» TO DO
The line containing "Набор для творчества" marks the start of the required copy, which runs to the final line of the entries; return those lines exactly, without any pictures.

======== ENTRIES SUPPLIED ========

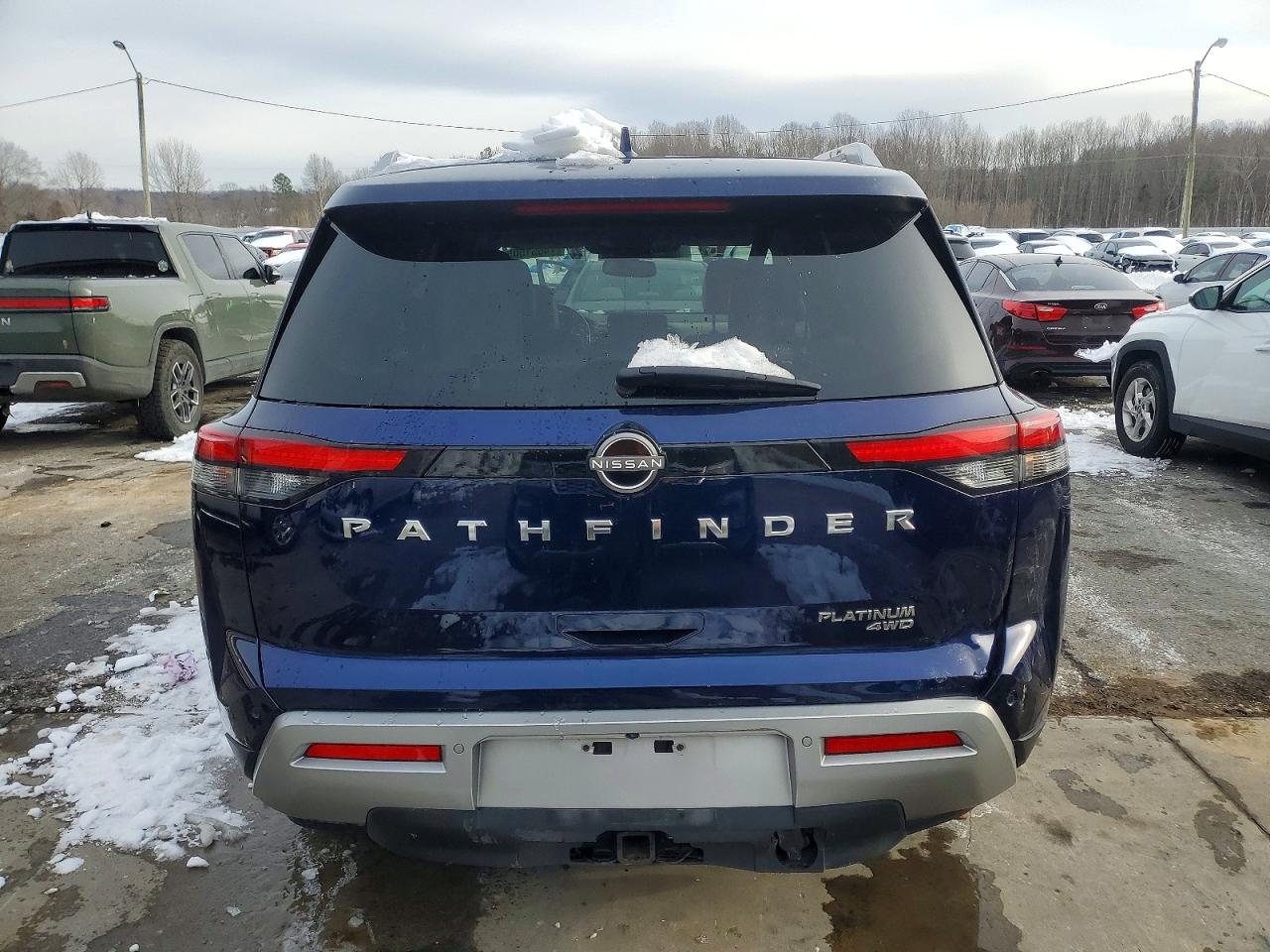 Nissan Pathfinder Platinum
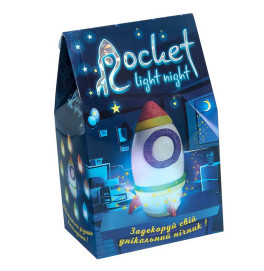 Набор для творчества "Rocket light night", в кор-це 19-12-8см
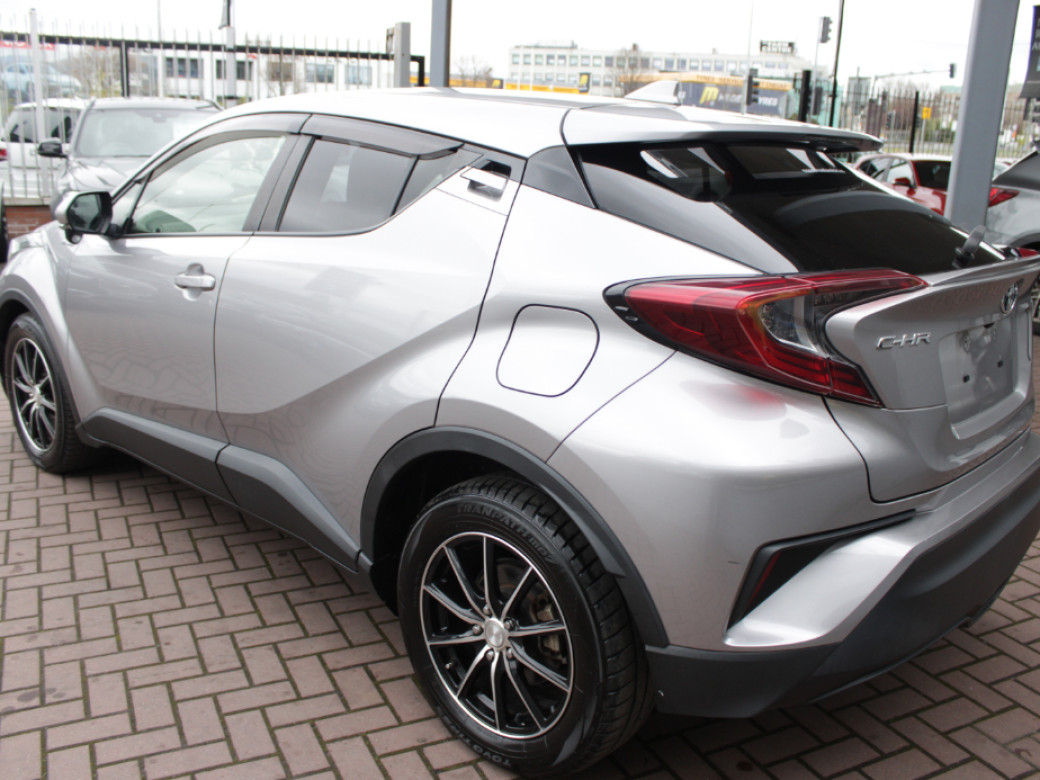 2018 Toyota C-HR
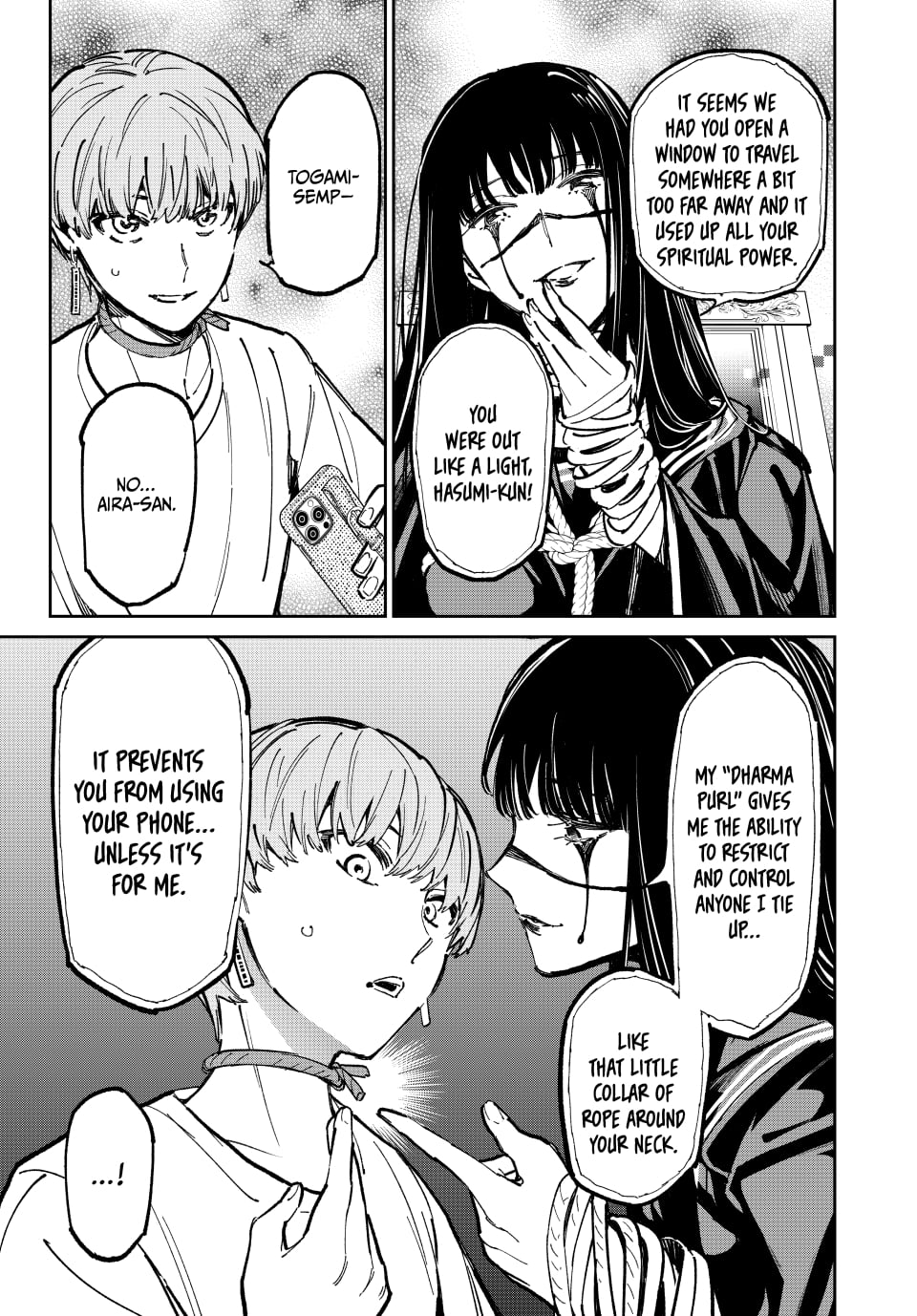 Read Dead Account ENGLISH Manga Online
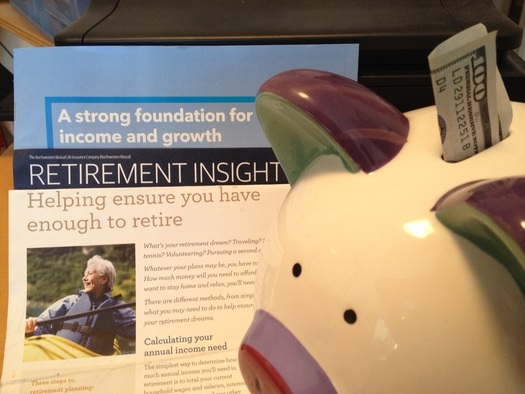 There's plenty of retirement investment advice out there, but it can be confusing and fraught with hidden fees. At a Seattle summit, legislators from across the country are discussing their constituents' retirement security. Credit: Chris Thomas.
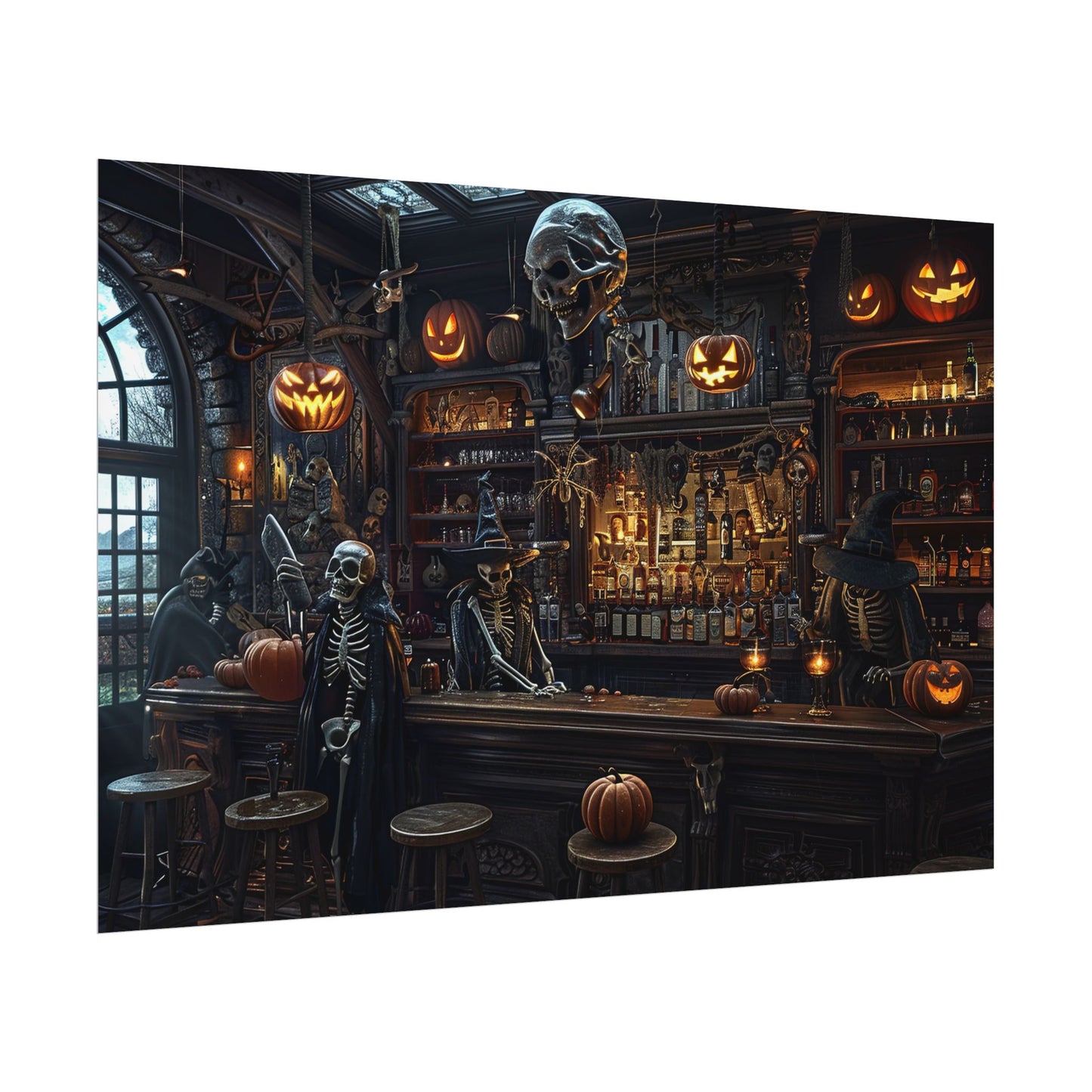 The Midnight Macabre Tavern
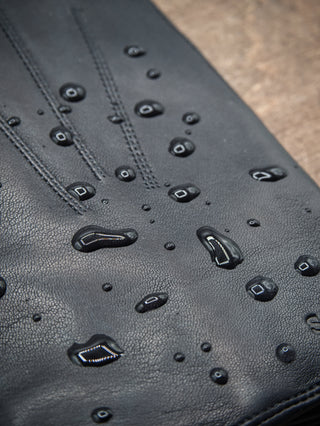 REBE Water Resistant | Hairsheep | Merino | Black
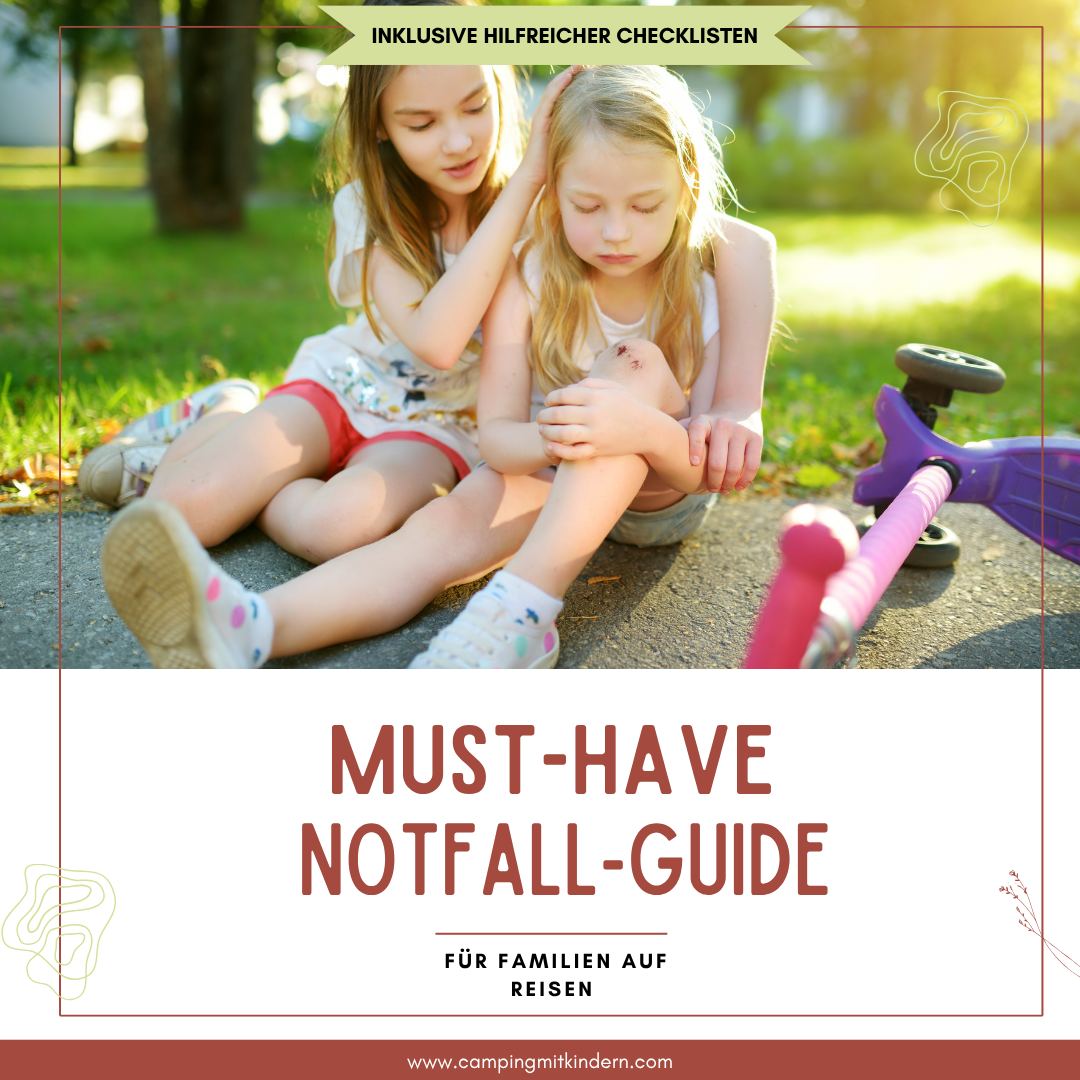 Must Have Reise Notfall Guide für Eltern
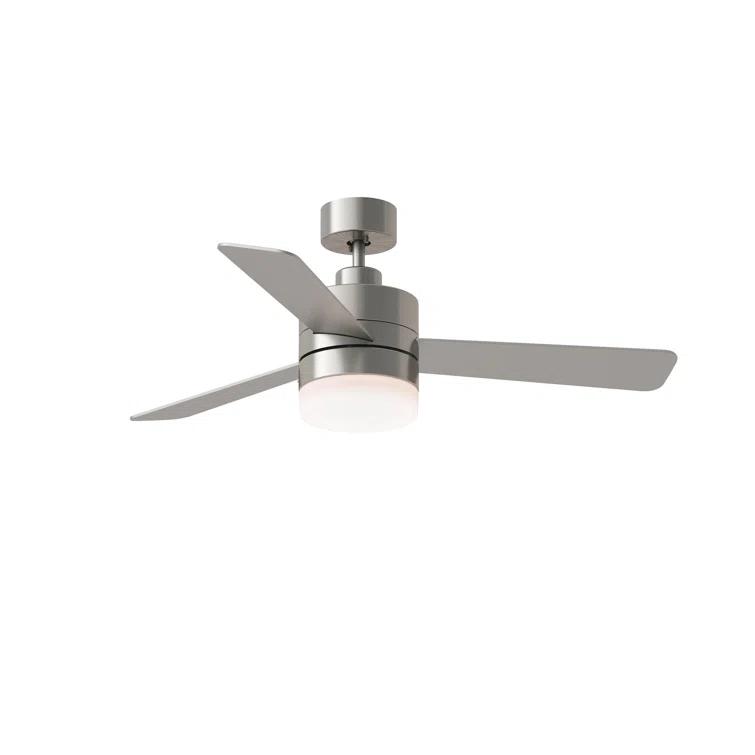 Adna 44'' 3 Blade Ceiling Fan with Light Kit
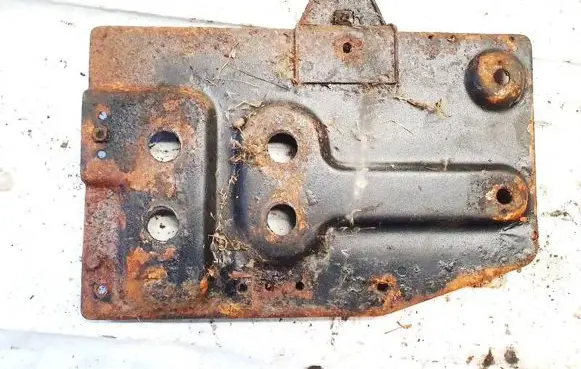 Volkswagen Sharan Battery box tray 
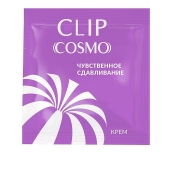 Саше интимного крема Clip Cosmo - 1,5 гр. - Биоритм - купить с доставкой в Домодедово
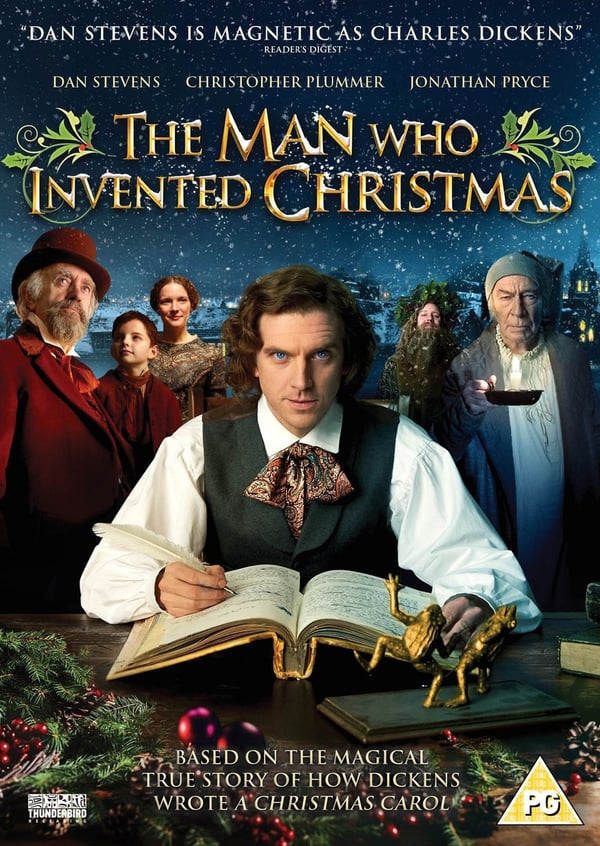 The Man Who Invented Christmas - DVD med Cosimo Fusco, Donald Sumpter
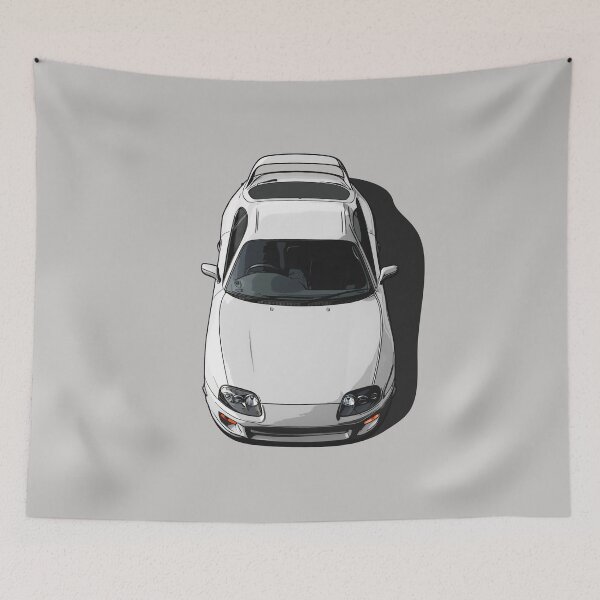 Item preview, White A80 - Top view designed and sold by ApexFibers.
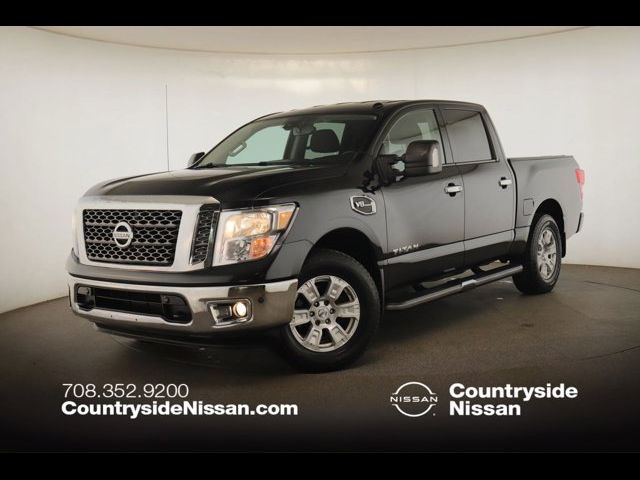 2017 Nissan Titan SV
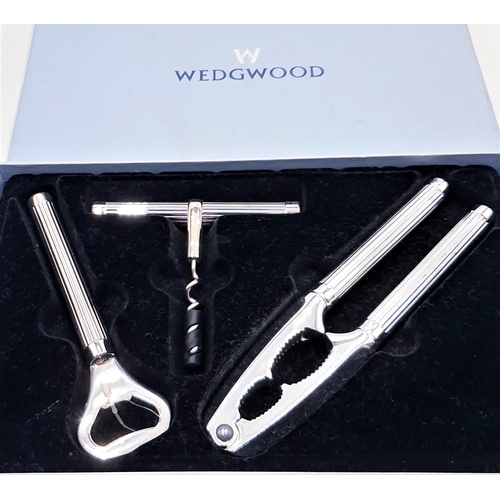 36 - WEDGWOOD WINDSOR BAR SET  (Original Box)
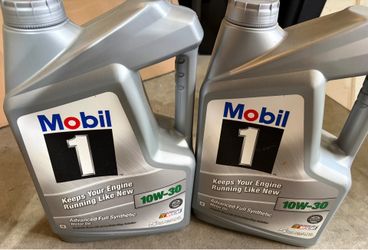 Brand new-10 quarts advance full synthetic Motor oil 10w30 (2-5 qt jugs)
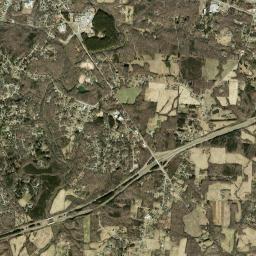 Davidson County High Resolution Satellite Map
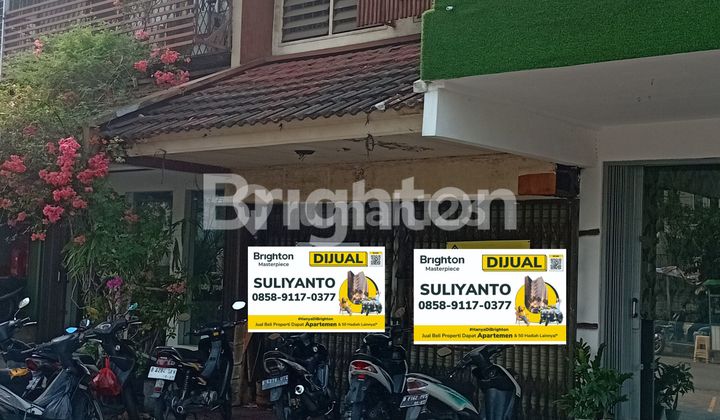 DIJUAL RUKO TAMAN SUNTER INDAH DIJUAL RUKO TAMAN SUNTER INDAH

========

» COMPLETED EXERCISE
 Набор для творчества "Rocket light night", в кор-це 19-12-8см
 2018 Toyota C-HR
 Read Dead Account ENGLISH Manga Online
 There's plenty of retirement investment advice out there, but it can be confusing and fraught with hidden fees. At a Seattle summit, legislators from across the country are discussing their constituents' retirement security. Credit: Chris Thomas.
 The Midnight Macabre Tavern
 REBE Water Resistant | Hairsheep | Merino | Black
 Must Have Reise Notfall Guide für Eltern
 Adna 44'' 3 Blade Ceiling Fan with Light Kit
 Volkswagen Sharan Battery box tray 
 Саше интимного крема Clip Cosmo - 1,5 гр. - Биоритм - купить с доставкой в Домодедово
 The Man Who Invented Christmas - DVD med Cosimo Fusco, Donald Sumpter
 Item preview, White A80 - Top view designed and sold by ApexFibers.
 2017 Nissan Titan SV
 36 - WEDGWOOD WINDSOR BAR SET  (Original Box)
 Brand new-10 quarts advance full synthetic Motor oil 10w30 (2-5 qt jugs)
 Davidson County High Resolution Satellite Map
 DIJUAL RUKO TAMAN SUNTER INDAH DIJUAL RUKO TAMAN SUNTER INDAH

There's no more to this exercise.